It was not thirty seconds after they stepped foot in the yard that Chad's garage door made a noise like an old electric can opener and began to rise.  The dispersion was as smooth as any could have been rehearsed - the girls took off running down the street, the guys found suitable bushes nearby - only Michael was left in the yard, and the other side of the car seemed a perfect hiding place.


I say "seemed" because a few moments later it became clear that this was not to be the case.  If I'm caught hiding, thought Miguel, I'll give them an awful fright.  So to assure his not being caught, he found his way *under* the car...and waited.


EPIC FAIL.


As the other car made its way out of the garage and up the driveway, the headlights landed directly on our dear friend.  The car stopped.


...


"Yeah, there is a grocery bag in our front yard."  Thank goodness, said the mutterings of Miguel's mind, Amanda called Chad to tell him a mysterious bag was left in the yard - NOT that a mysterious man was hiding under the car.  The one side of the phone conversation he could hear continued.
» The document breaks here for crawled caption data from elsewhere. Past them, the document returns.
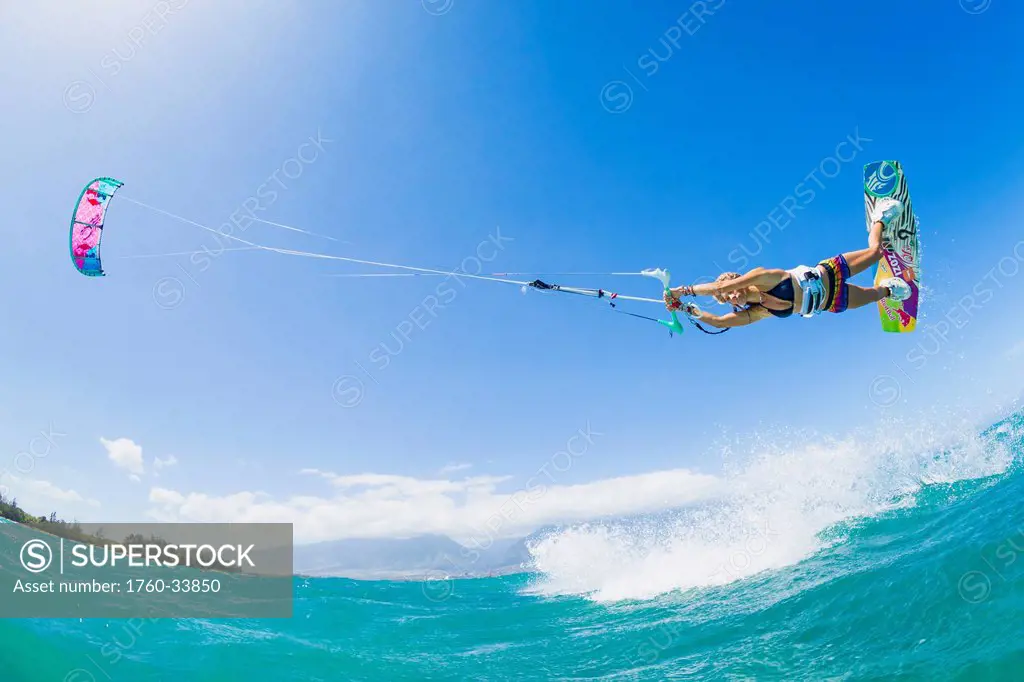 Hawaii, Maui, Professional Kiteboarder Susi Mai catching air off the North Shore. EDITORIAL USE ONLY.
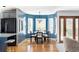 A bright dining area features a blue accent wall, modern light fixture, and wood floors that connect to the kitchen at 674 Huntington Dr, Highlands Ranch, CO 80126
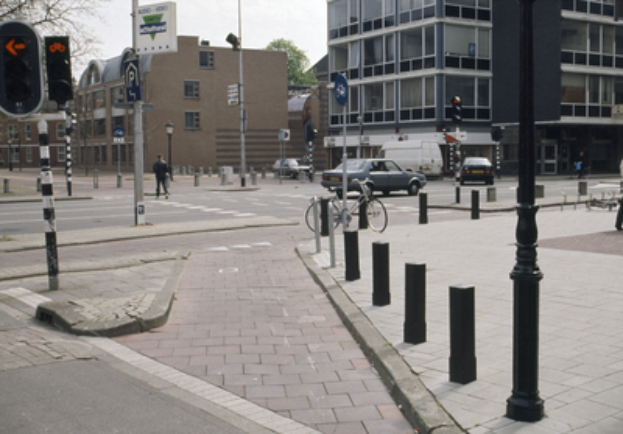 Eine Straßenszene in der Stadt mit einem geparkten Fahrrad, fahrenden Fahrzeugen, Fußgängern, Pfählen, Verkehrszeichen, Schildern, Bäumen, Gebäuden mit Fenstern und einem klaren blauen Himmel.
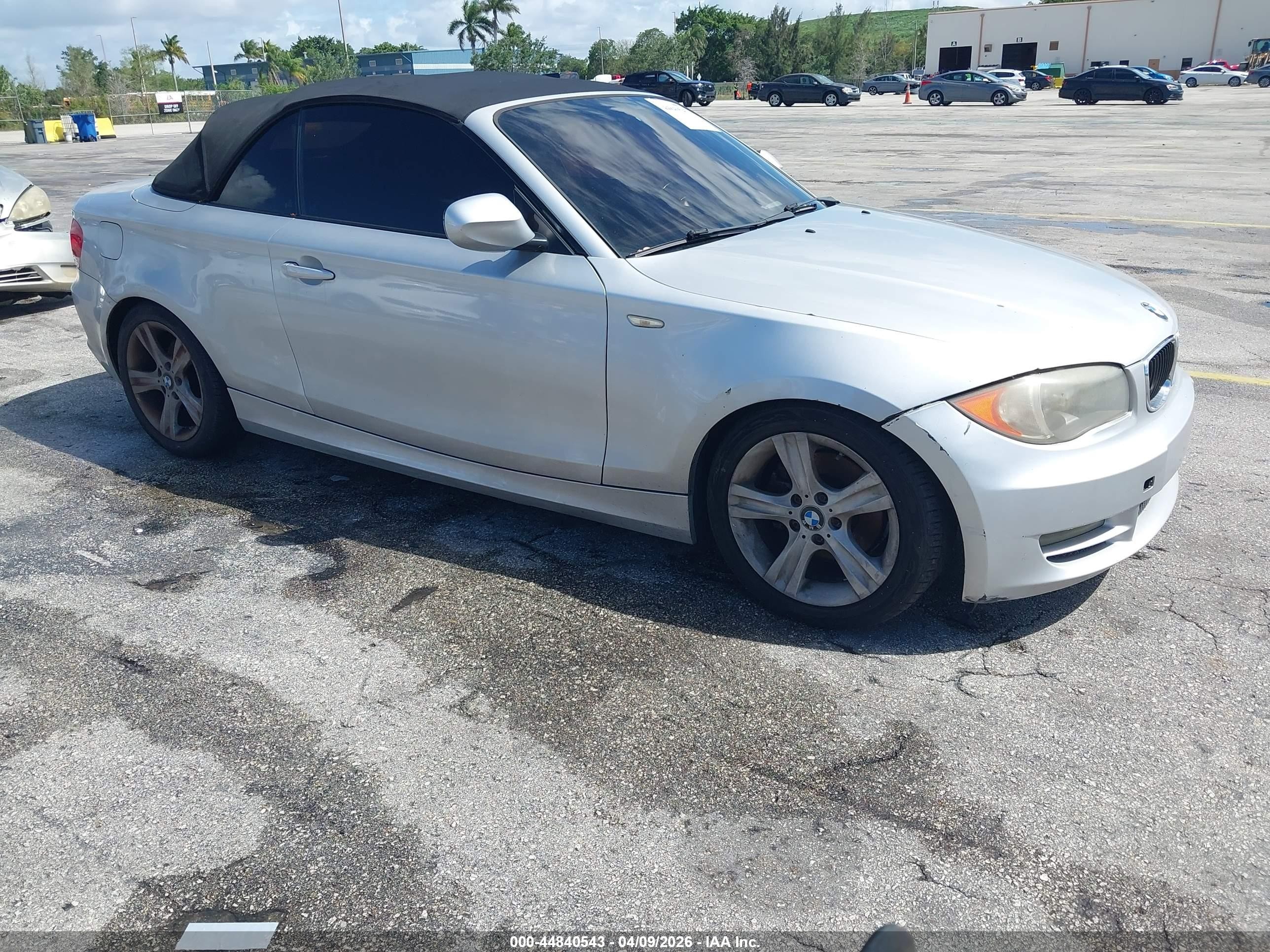 2011 BMW 1 Series 128i, VIN WBAUL7C50BVM78947 — Auction photo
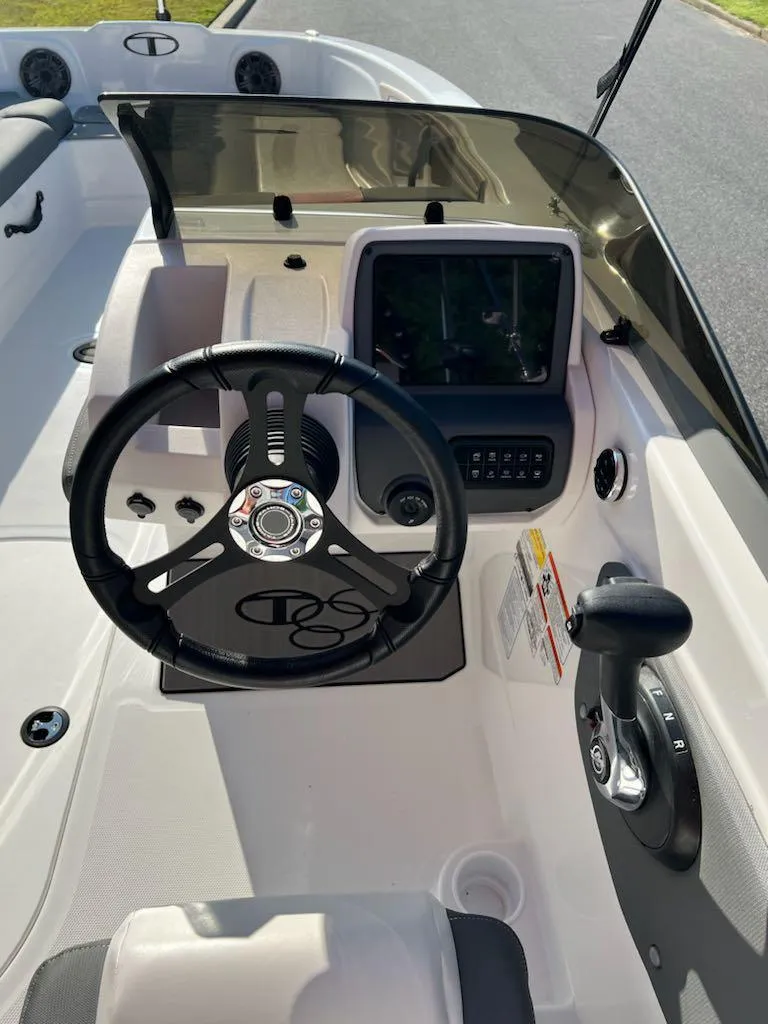 Slide: The Image of 2025 Tahoe T21 boat cockpit with steering wheel and control panel. - 11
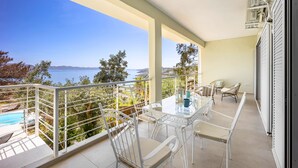 A balcony with a table and chairs, overlooking a pool and a scenic view of the sea and mountains. - Villa Limanaki, Villa Limanaki Lavrion Port (Lavrio)
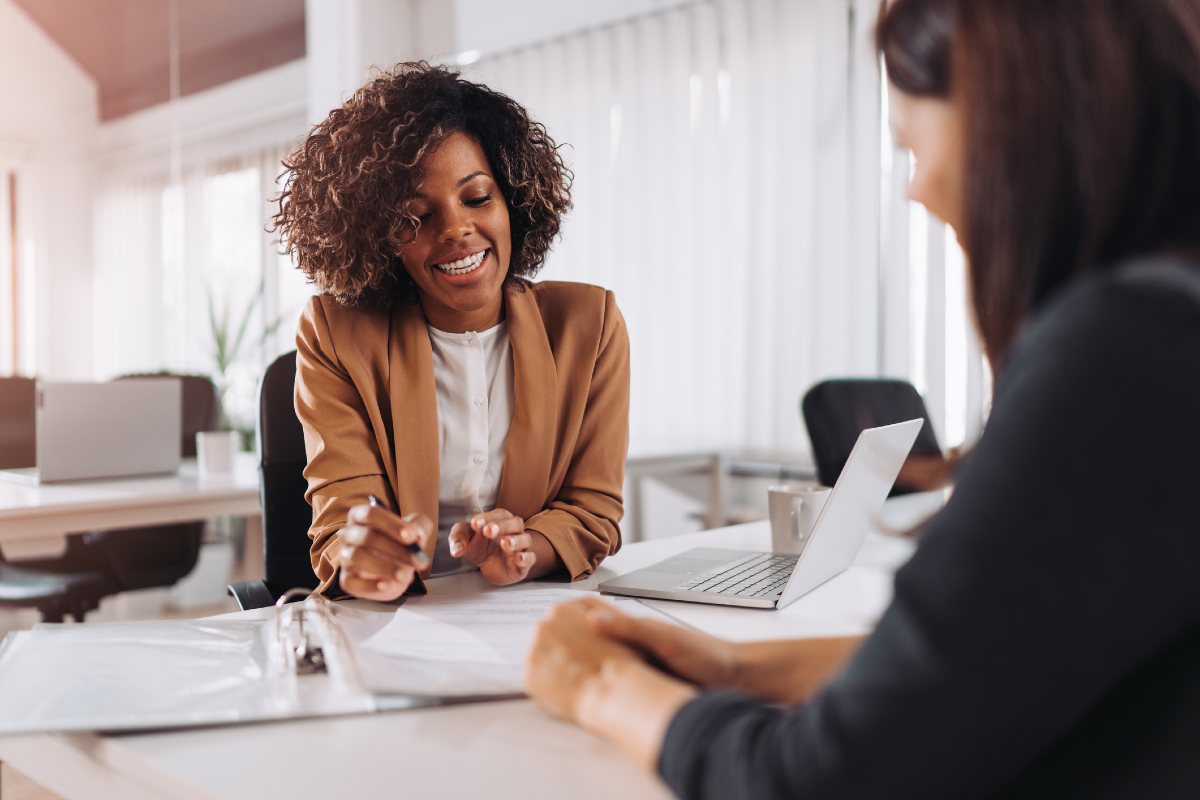 Professional woman in office with paperwork talking to customer Professional woman in office with paperwork talking to customer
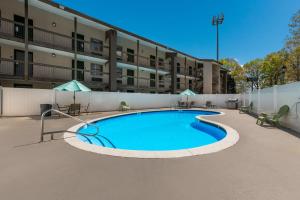 a swimming pool in front of a building at Quality Inn & Suites Airport in Charlotte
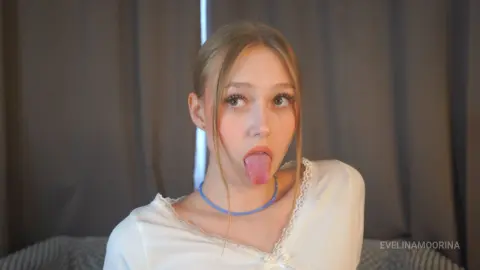 Blonde woman in a white lace top sticking her tongue out playfully in a cozy indoor setting.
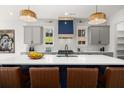 Stylish kitchen features a large island, stainless steel appliances, and custom cabinetry at 2032 Spink Nw St, Atlanta, GA 30318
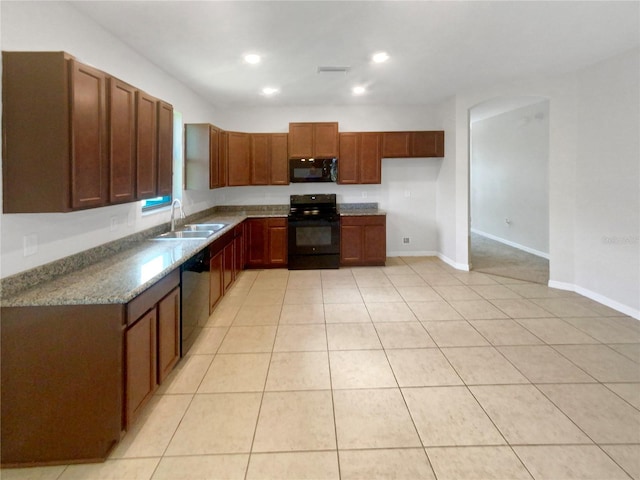 13292 Sea Bridge Dr, Hudson, FL 34669 - kitchen featuring a sink, visible vents, black appliances, and light tile patterned floors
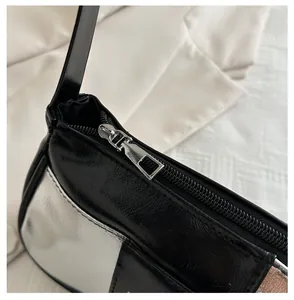 Detail of smooth metal zipper and silver-black patent leather contrast on the handbag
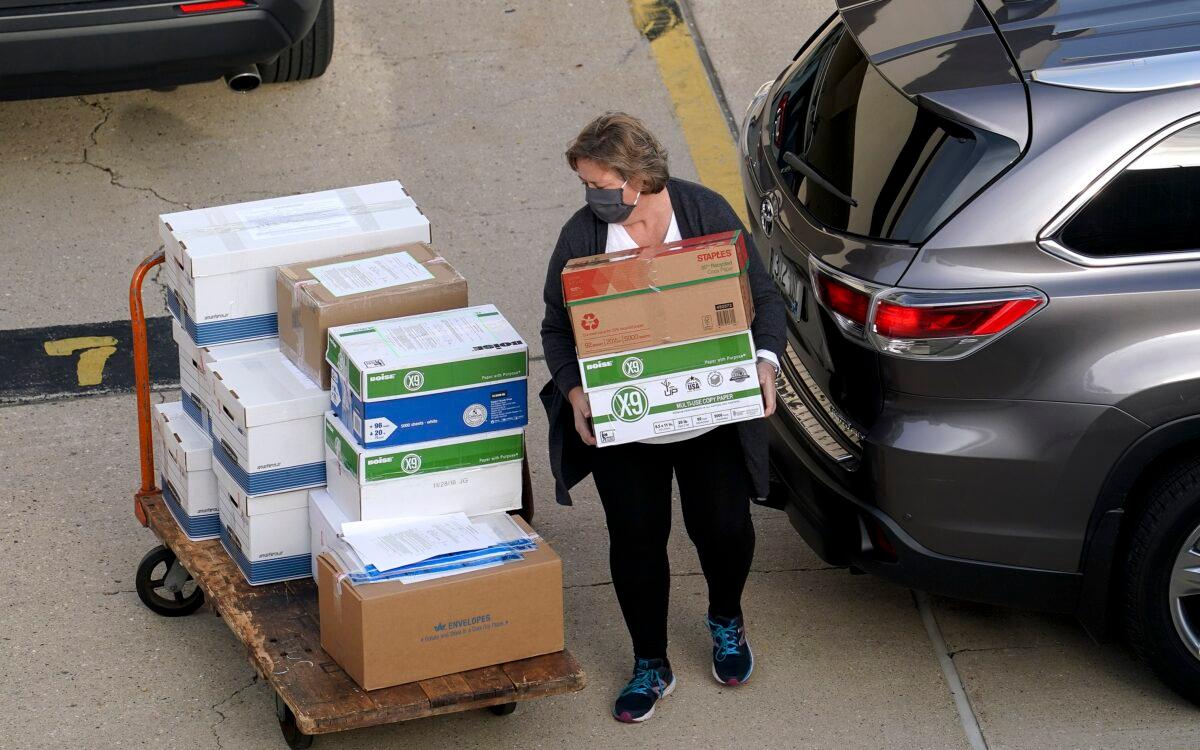 Election officials from around Dane County bring ballots into the Monona Terrace in Madison, Wis., for a recount, on Nov. 19, 2020. (Steve Apps/Wisconsin State Journal via AP)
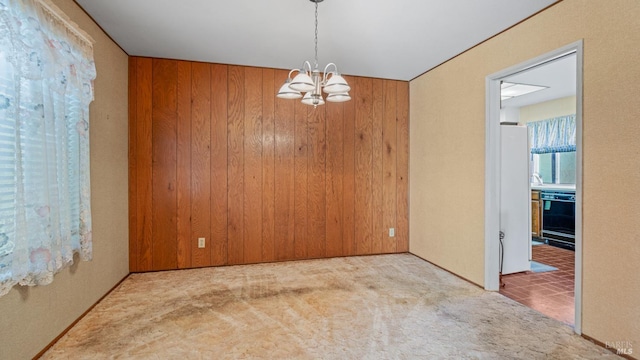 carpeted spare room featuring a notable chandelier and wooden walls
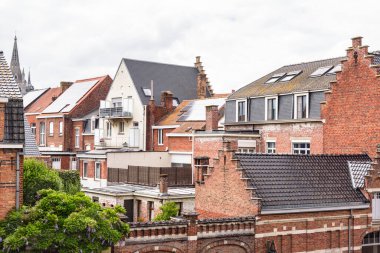 Bulutlu bir yaz gününde tarihi bir şehir merkezinde çatıları güneş panelleriyle kaplı eski tuğlalı evler. Ypres, Belçika.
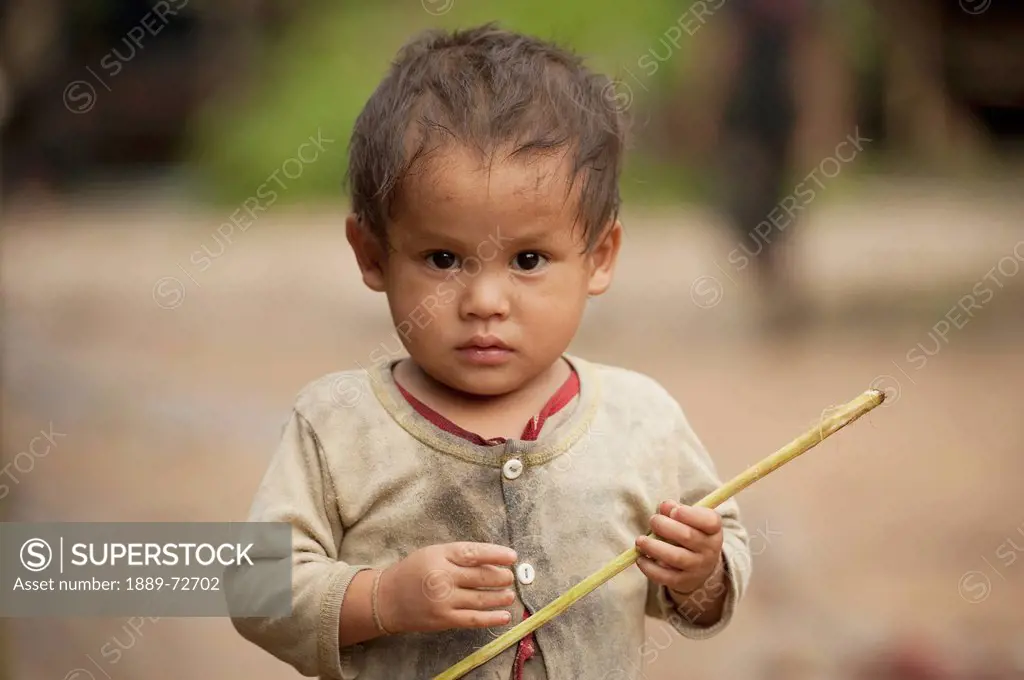 a young child at the noh poh refugee camp, noh poh mae sot chiang mai thailand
"Dude, there's 25 rolls of toilet paper in here - unwrapped!. .... Well, I guess that means you don't need to go to the store any more."  Amanda was on her way to Wal-Mart to pick up...need I say it?  Toilet Paper.


"I'd think we were getting rolled, but why would they leave the bag here?  Nobody would be that dumb."  Michael silently nodded under the car, wondering the same.


The next few minutes were something of a blur.  Amanda pulled the car back in the driveway, Chad discovered more mixed messages - a wad of christmas lights, a single strip of paper on a bush - and Michael decided it was time to reveal himself.  All three of them stood in the front yard laughing at themselves and each other until Chad got a chance to ask Michael if anyone else was involved.


"No.  Just me," admitted Michael, just in time for the two other guys to appear from their respective trees and bushes.  More laughter.  


"So this is everyone, then?"  "Yep.  Everyone."  And the three girls walked into the driveway.